A tension exists in the fast food industry between former standbys, such as McDonald’s, and newer fast casual chains, such as Chipotle. As fast casual chains gain popularity, the likes of McDonald’s need to re-examine their business models to stay competitive.

The fast casual food market has grown 550 percent since 1999, more than 10 times fast food restaurants (Ferdman 2015). The recent resignation of McDonald’s CEO Don Thompson made major headlines, but it’s likely few people were surprised. McDonald’s same-store sales continuously declined during Thompson’s two years as CEO.

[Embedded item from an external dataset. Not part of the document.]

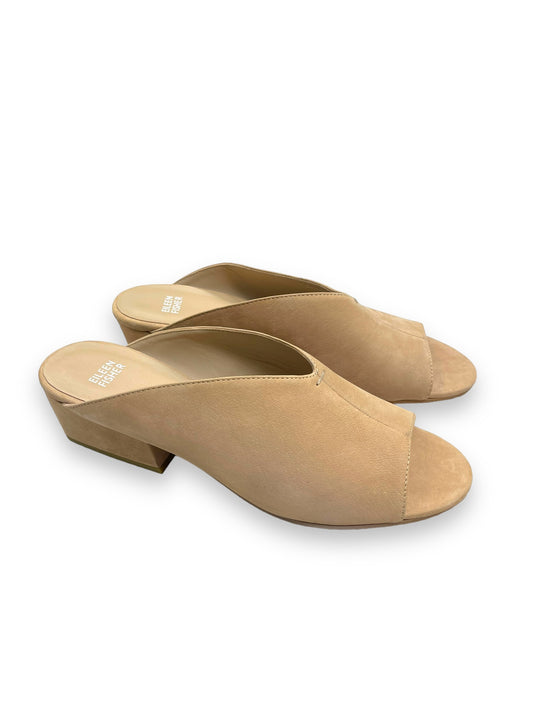 Shoes Heels Block By Eileen Fisher  Size: 11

Meanwhile, chains such as Chipotle have expanded. With its simple menu and straightforward pricing, Chipotle allows customers to see how the food is made and exactly what they’re getting. This helps customers look beyond the price and see the value of better food. Consequently, they are willing to pay up to twice as much.

Gagliardi (2015) speculated that consumers may be ready to give McDonald’s another chance after a successful 2015 Super Bowl ad. However, Gagliardi also acknowledges that incoming CEO Steve Easterbrook has a big job to do. Easterbrook faces a problem of market differentiation. Colt (2015) cites a quote from Thompson that indicates McDonald’s is trying to be everything to everyone: “If anything, I think McDonald’s will be more and more and more, and not just this type restaurant or that type, but a restaurant that’s trying to satisfy diverse needs.”

It will take more than a well-received ad for McDonald’s to compete with fast casual restaurants. McDonald’s needs to look at its core business model and decide where its core market is. McDonald’s is not Chipotle, and if it continues to be anything other than the best McDonald’s it can be, its customers will continue to eat fast casual.